To assist shareholders in differentiating areas of profit and loss, Concepts Direct formed two new subsidiaries to separate on-line activities from its direct mail catalog business. iConcepts, Inc. acted as the umbrella for new brands and new web sites until those businesses became strong enough to form independent subsidiaries. iConcepts provided site hosting, on-line order processing, and database management for Concepts Direct businesses and, in the future, for third parties. J. Michael Wolfe became CEO of Concepts Direct, freeing Wiland, still chairman, to oversee Internet start-ups. Wiland also oversaw the second new subsidiary, BOTWEB, Inc., which handled business related to the web portal.
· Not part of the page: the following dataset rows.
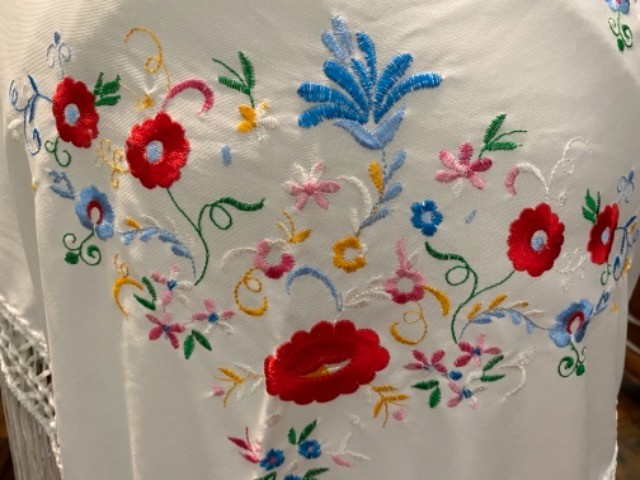 Lenços Portugueses novos! - Foto 2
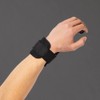 Chiba Trainingshilfe Powerstrap I, Schwarz, One size, 40610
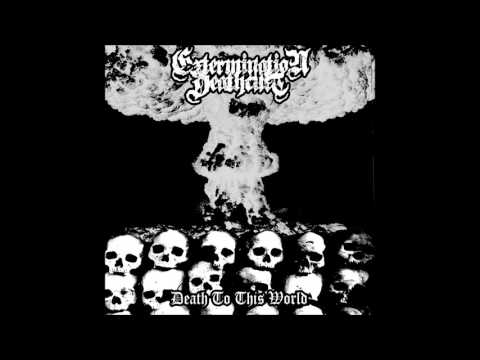 Bestial Raid - Extermination Deathcult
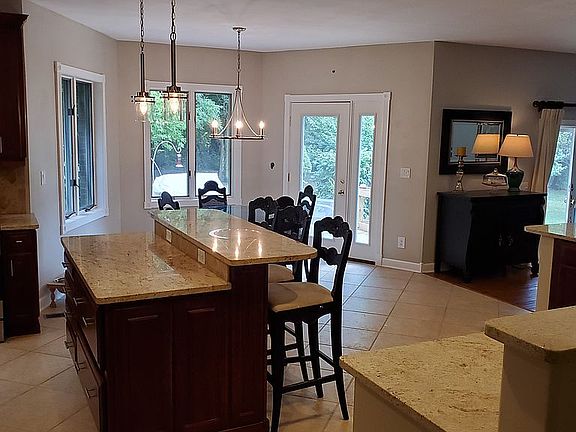 Great for entertaining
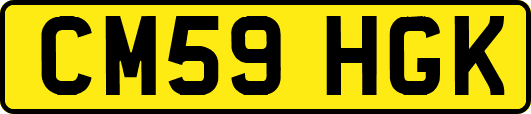 CM59HGK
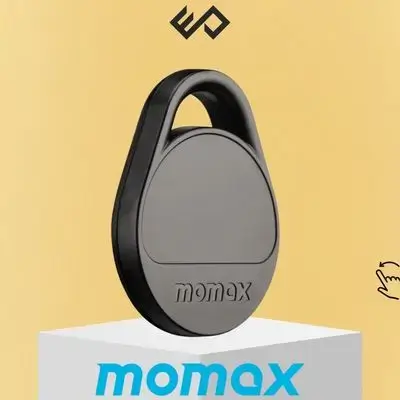 Momax Pinpop Lite Find My Tracker Smart Tag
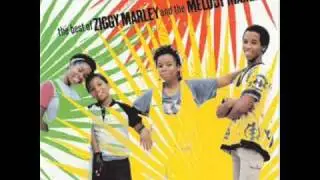 Ziggy Marley - Children Playing in the Streets
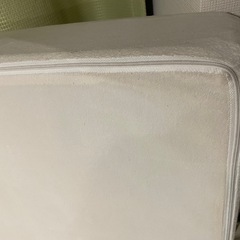 ベッドマットの画像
New web site brands launched in early 2000 included TheBearHouse.com and YourCountryStore.com. TheBearHouse.com sold collectibles proven to be popular brands from the Linda Anderson's Collectibles catalog, such as the Boyds Collection and Judith G. The site was a natural extension of the company's microniche program, which targets customers for the sale of specific collectibles. The company planned to offer other collectibles on a web site in development, CollectiblesCity.com. YourCountryStore.com offered 2,300 products in American classic country style, including gifts, home decorations, and collectibles. Concepts Direct also expanded its direct mail catalogs, successfully testing Colorful Christmas in late 1999 and Colorful Spring and Colorful Cats in early 2000.
As financial difficulties continued, Concepts Direct decided to sell 100 acres of undeveloped land next to its Longmont facility. Stock value tumbled to $4.34 per share in August on news of losses and a three-month medical leave for Wiland. Sale of the vacant land and a sale/lease back of the building that autumn raised $15 million in capital for debt reduction, continuing operations, and expansion.
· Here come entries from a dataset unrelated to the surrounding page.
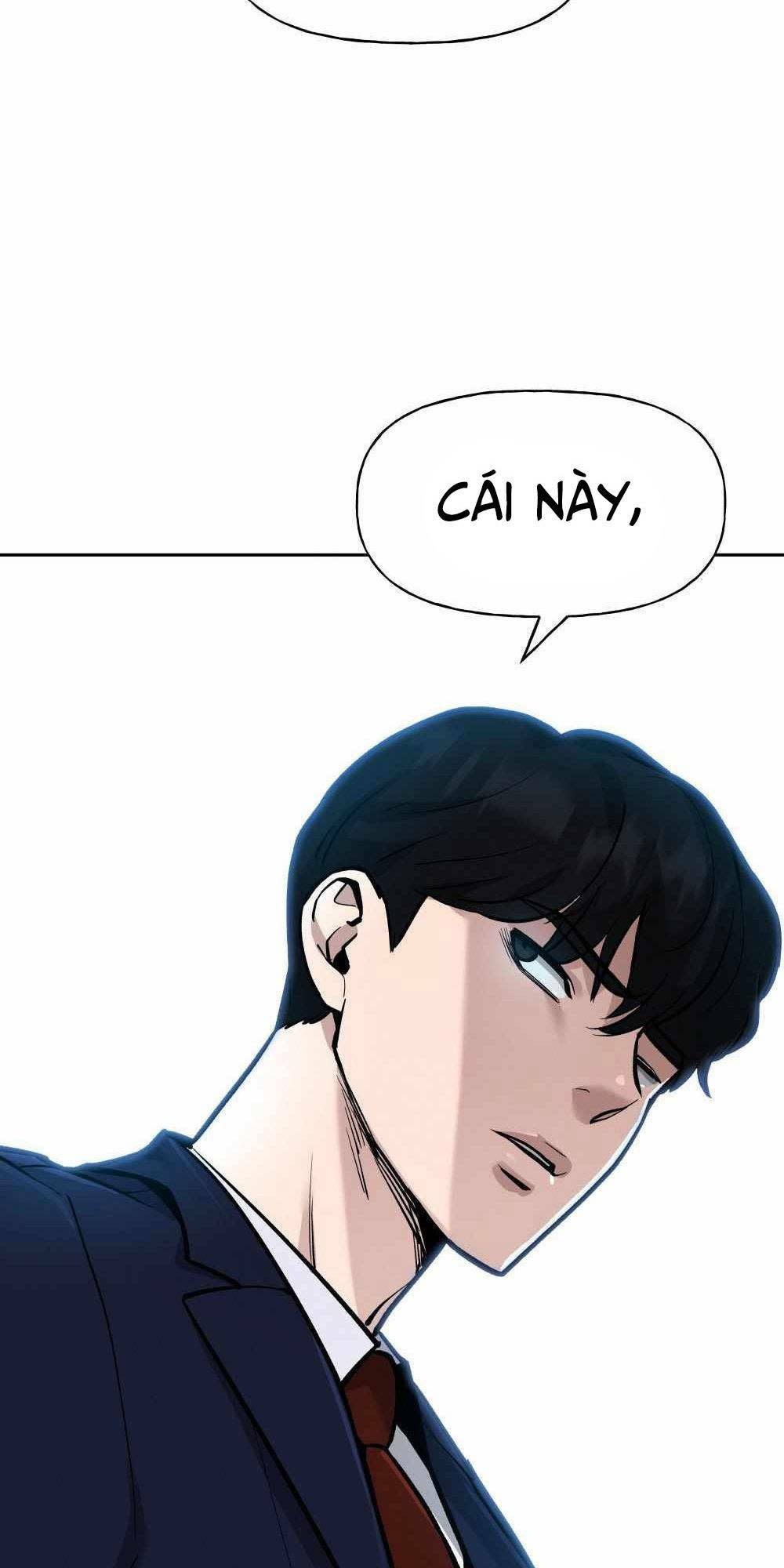 quản lí du côn chapter 5 - Trang 2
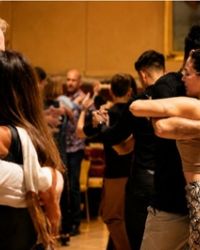 Recuperare la relazione con se stessi e con gli altri attraverso il tango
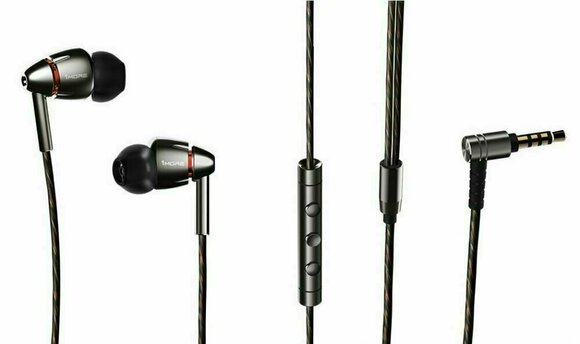 Ecouteurs intra-auriculaires 1more Quad Driver In-Ear - 4
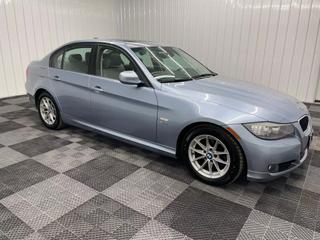 Image of 2010 BMW 3 SERIES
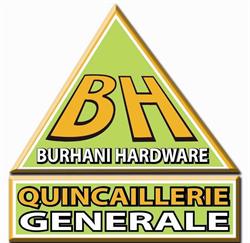 BURHANI HARDWARE, Saint-Denis - Horaires d'ouverture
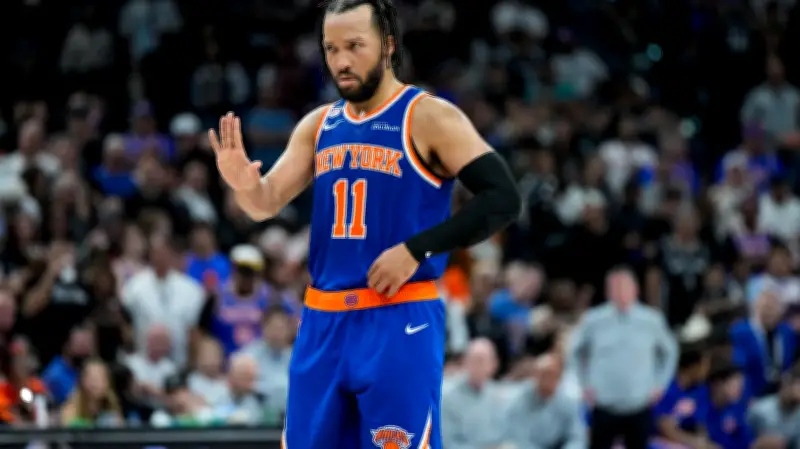 Jalen Brunson Leads Knicks to First NBA Title in 53 Years with 45-Point Game 5 Masterpiece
Concepts Direct continued to develop its Internet presence. In November 2000 the company launched SnoopyStore.com in partnership with Charles M. Schulz Creative Associates. ColorfulImages.com generated $50,000 in revenue during its first 16 days, offering personalized paper products, gifts, and t-shirts.
Principal Subsidiaries: BOTWEB, Inc.; iConcepts, Inc.
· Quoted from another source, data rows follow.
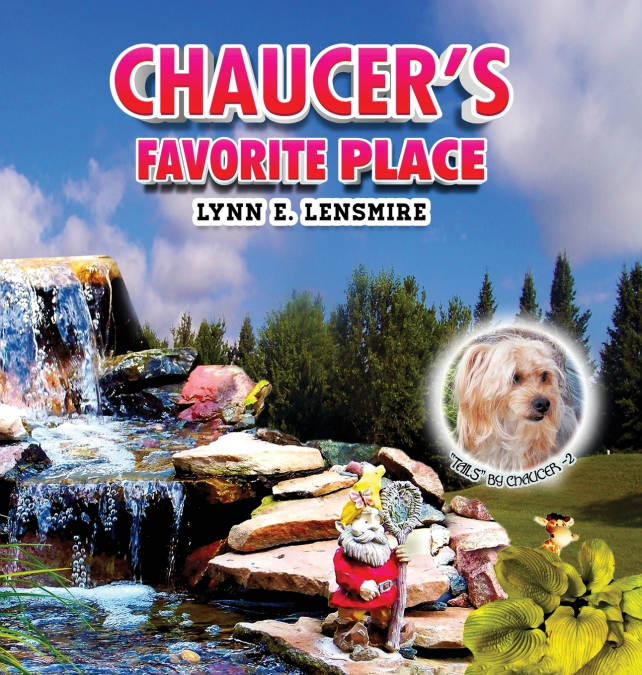 Chaucer’s Favorite Place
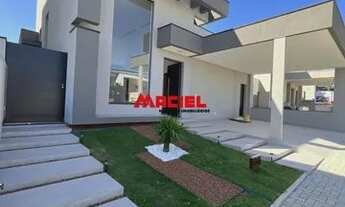 Imagem: Casa Condomínio em São José dos Campos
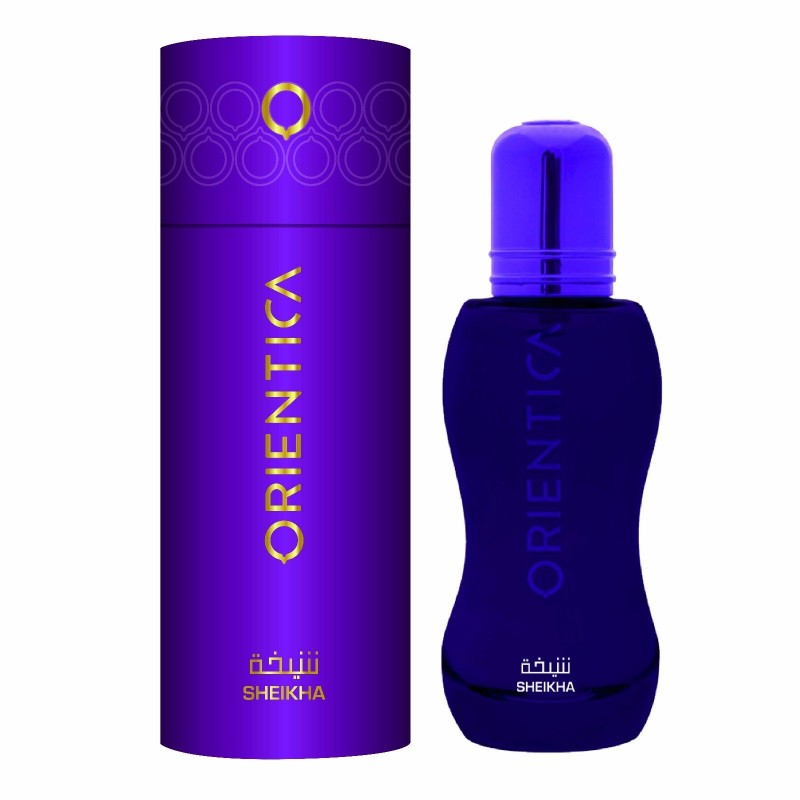 Orientica Eau de Parfum Sheika 30ml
Principal Competitors: Current, Inc.; Fingerhut Companies, Inc.; Hanover Direct; Lillian Vernon Corporation.
Further Reading:
- 'Cutting Losses by Cutting Circ.,' Catalog Age, August 1999, p. 8.
- Esterson, Emily, 'Longmont, Colo., Concepts Direct Labels 1994 a Success,' Knight-Ridder/Tribune Business News, December 5, 1994, p. 12050243.
- 'Fourth-Quarter Blues,' Catalog Age, May 2000, p. 8.
- Glairon, Susan, 'Longmont Concepts Direct Inc. Stock Plunges Catalog and Internet Retailing Company Cuts Back Spending,' Boulder Daily Camera, August 3, 2000, p. 1D.
- Laughlin, Joyanna, 'Concepts Direct Doubles in Size, Invests in Tough Circumstances,' Boulder County Business Report, June 1, 1996, p. 4.
- Locke, Tom, 'Concepts Direct Plans Secondary Stock Offering,' 1997, p. 6B.
- 'Mailer Turns Portal,' Catalog Age, December 1999, p. 5.
- McCann, Susan de Castro, 'Concepts Direct Will Build New Headquarters in Weld,' Northern Colorado Business Report, March 1, 1997, p. 2B.
- Oberndorf, Shannon, 'Mining New Niches,' Catalog Age, October 1998, p. 6.